◆ SUPPLIED INFORMATION

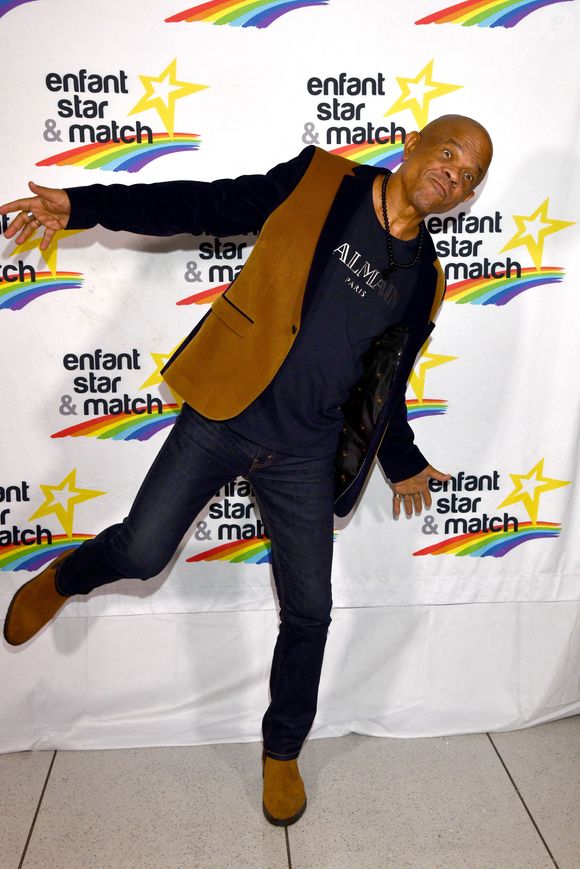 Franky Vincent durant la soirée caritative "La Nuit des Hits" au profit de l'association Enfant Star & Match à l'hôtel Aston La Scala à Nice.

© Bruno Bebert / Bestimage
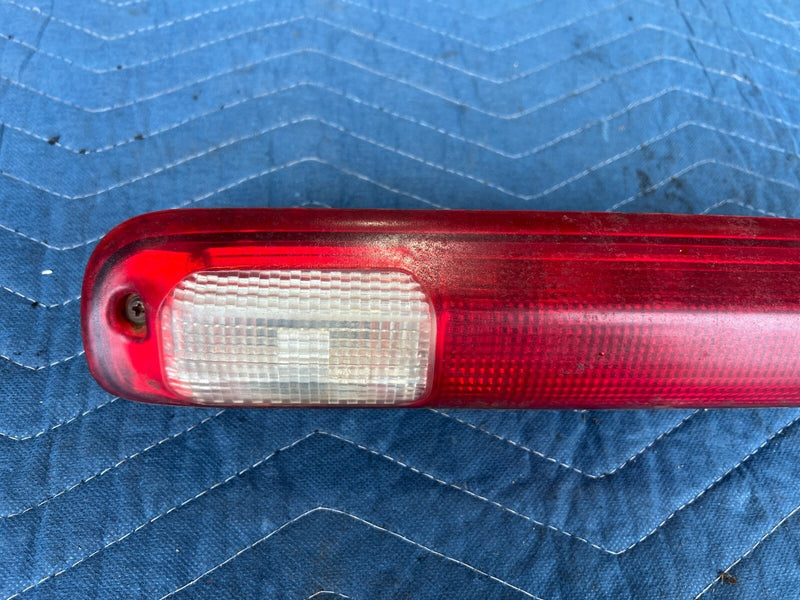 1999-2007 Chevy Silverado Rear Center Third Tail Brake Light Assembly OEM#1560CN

◆ WHAT THE EXERCISE ASKS
Each line of the data above is to be output exactly; the pictures are not to appear.

◆ EXERCISE SOLUTION
 Franky Vincent durant la soirée caritative "La Nuit des Hits" au profit de l'association Enfant Star & Match à l'hôtel Aston La Scala à Nice.

© Bruno Bebert / Bestimage
 1999-2007 Chevy Silverado Rear Center Third Tail Brake Light Assembly OEM#1560CN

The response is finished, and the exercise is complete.